:: EXCERPTED RECORDS

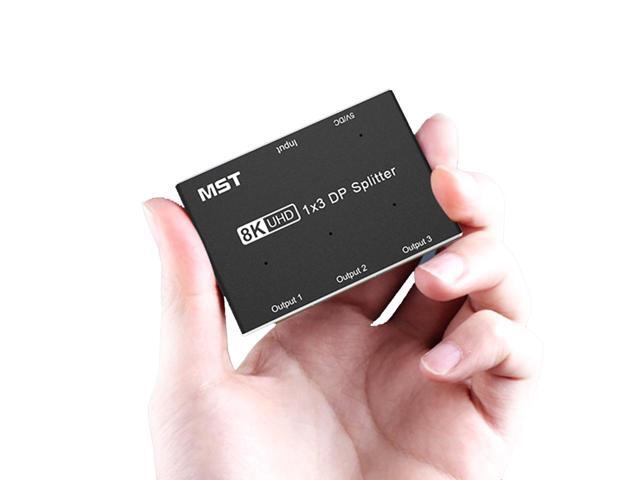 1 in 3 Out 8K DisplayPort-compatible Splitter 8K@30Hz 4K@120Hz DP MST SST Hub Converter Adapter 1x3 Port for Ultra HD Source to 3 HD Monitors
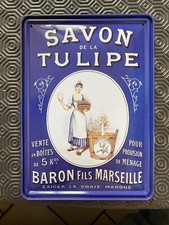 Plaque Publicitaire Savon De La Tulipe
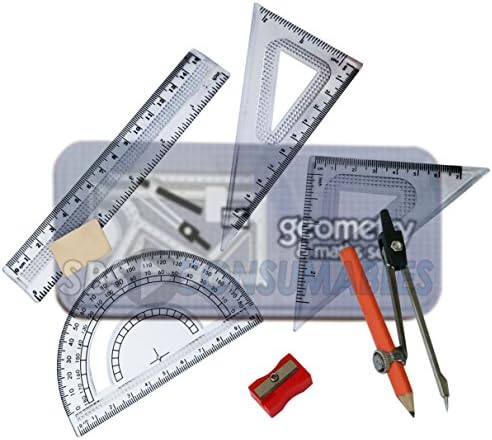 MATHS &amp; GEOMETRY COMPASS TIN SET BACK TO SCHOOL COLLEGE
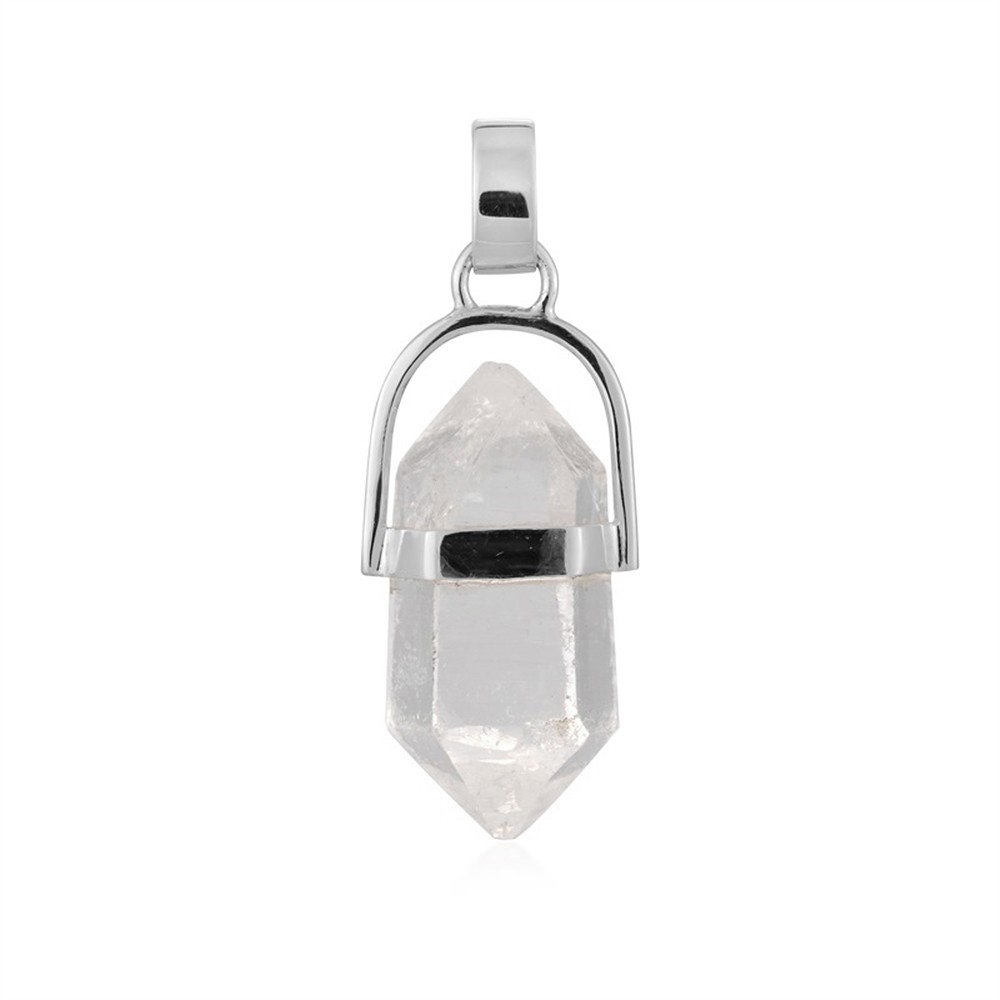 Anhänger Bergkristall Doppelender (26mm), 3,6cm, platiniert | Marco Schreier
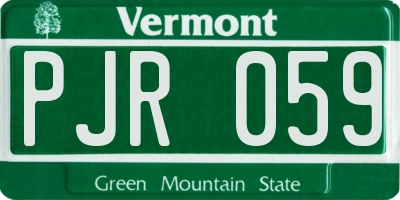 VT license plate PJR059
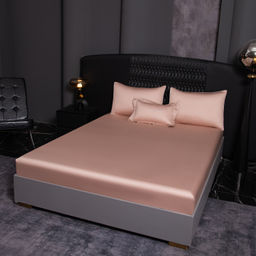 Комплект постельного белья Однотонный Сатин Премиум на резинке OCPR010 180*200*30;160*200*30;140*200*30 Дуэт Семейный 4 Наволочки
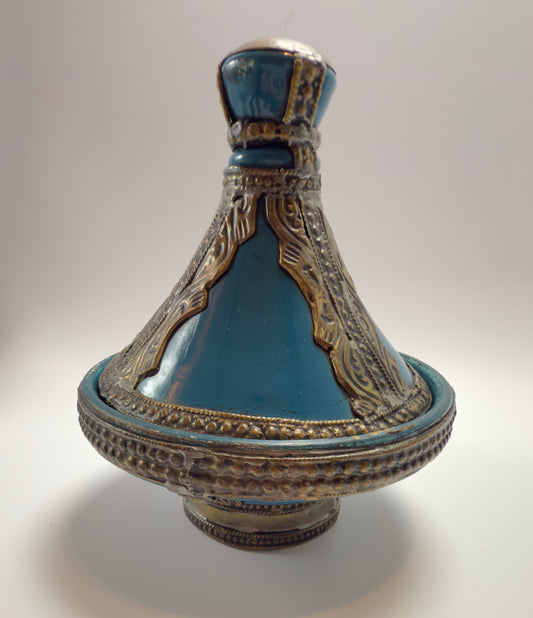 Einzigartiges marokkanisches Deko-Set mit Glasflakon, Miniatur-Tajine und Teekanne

::::

• ACTIVITY:
Each entry above is to be written out exactly. The pictures stay out.

• TASK RESULT:
 1 in 3 Out 8K DisplayPort-compatible Splitter 8K@30Hz 4K@120Hz DP MST SST Hub Converter Adapter 1x3 Port for Ultra HD Source to 3 HD Monitors
 Plaque Publicitaire Savon De La Tulipe
 MATHS &amp; GEOMETRY COMPASS TIN SET BACK TO SCHOOL COLLEGE
 Anhänger Bergkristall Doppelender (26mm), 3,6cm, platiniert | Marco Schreier
 VT license plate PJR059
 Комплект постельного белья Однотонный Сатин Премиум на резинке OCPR010 180*200*30;160*200*30;140*200*30 Дуэт Семейный 4 Наволочки
 Einzigartiges marokkanisches Deko-Set mit Glasflakon, Miniatur-Tajine und Teekanne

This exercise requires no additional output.